Superhero movies have long poked fun at their source material, with characters reminding Peacemaker that he wears a toilet bowl for a head or smirking at the name “Otto Octavius.” While these moments do act as invitations to casual fans, ensuring everyone involved that, yes, we know these things are silly, they also work to devalue the material. The best video game movies celebrate the oddities of the games, while the worst superhero entries are, well, Thor: Love and Thunder or She-Hulk: Attorney at Law, which condescend to the viewer as much as they do the comics.

Give the People the What They Want

Some gorgeous animation notwithstanding, no one would contend that the new Super Mario Bros. movies are quality cinema. But they earn millions at the box office, in part, because audiences know the characters. The films don’t just focus on Mario and Luigi, Bowser and Peach. Other oddities burst from the screen, from Dry Bones to Kamek to Rosalina to Wart. The marketing for Street Fighter uses the same strategy, filling the screen with Ken and Ryu in their gis, Guile with a flattop, and Chun-Li her qipao.

The cynic would dismiss these instances as fan service, and they’d be right. But the films want to appeal to fans by taking the beloved stuff from the games and putting it on screen, regardless of realism.

For a while, it felt like the MCU followed suit. As opposed to the ’80s and ’90s, when the Punisher didn’t have a skull logo and Batman mounted machine guns on the Batmobile, Iron Man put Tony Stark in a red and gold suit and Captain America gained his powers from the super soldier serum. But, even then, the movies took liberties that grew increasingly annoying. Peter Parker, a guy who made a deal with the devil to protect his secret identity (and save Aunt May, I know, I know) regularly goes unmasked because we can’t hide Tom Holland‘s mug.

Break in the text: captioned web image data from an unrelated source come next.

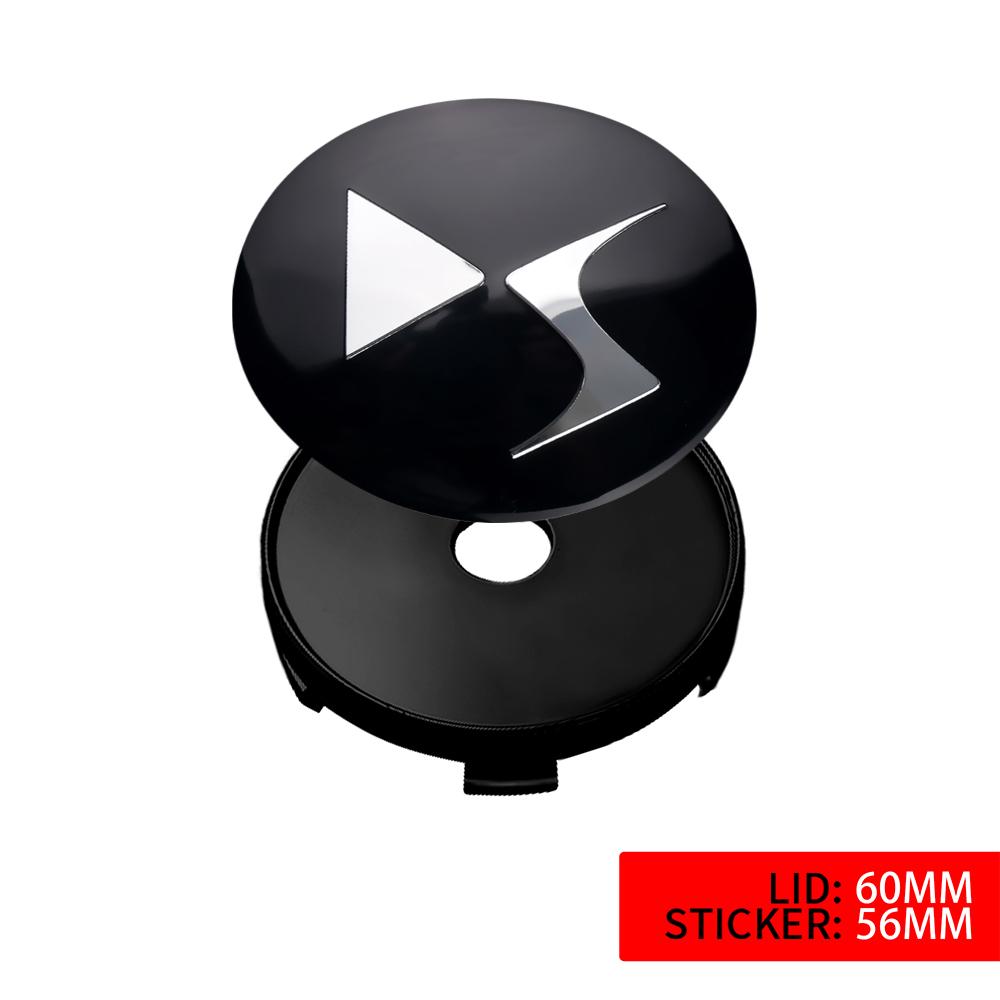 4Pcs 56MM Car Wheel Center Hub Caps Badge Sticker Cover For DS SPIRIT DS3 DS4 DS4S DS5 5LS DS6 Elysee Xsara DS2 RUBIS DS7 DS9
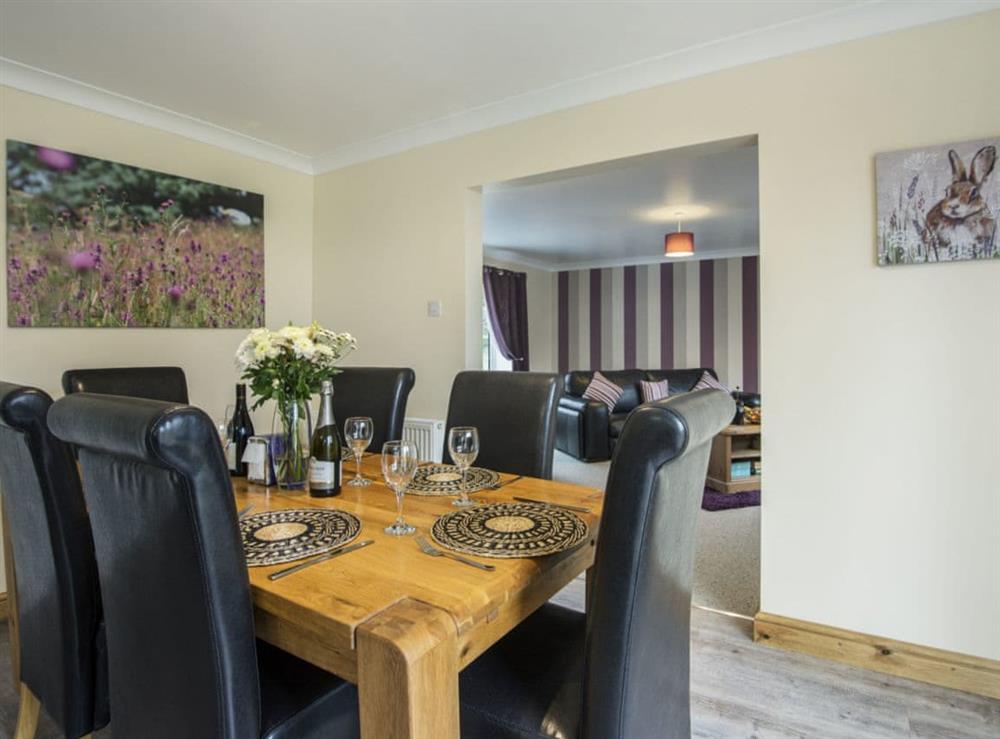 Attractive dining area at Baileys Retreat in Bardney, near Lincoln, Lincolnshire, England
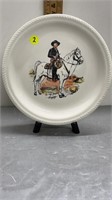 HOPALONG CASSIDY 9.5" PLATE BY W.S. GEORGE +STAND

It’s time for comic book movies to just do the characters people love in the costumes they expect, just like the video games are doing.

Do The Thing We Love

For moviegoers of a certain age, cinema reached its peak when a baby zombie dropped onto a chicken, prompting Jack Black to utter this generation’s version of “I could have been a contender” or “Forget it, Jake. It’s Chinatown.” Those words are, of course, “Chicken jockey.”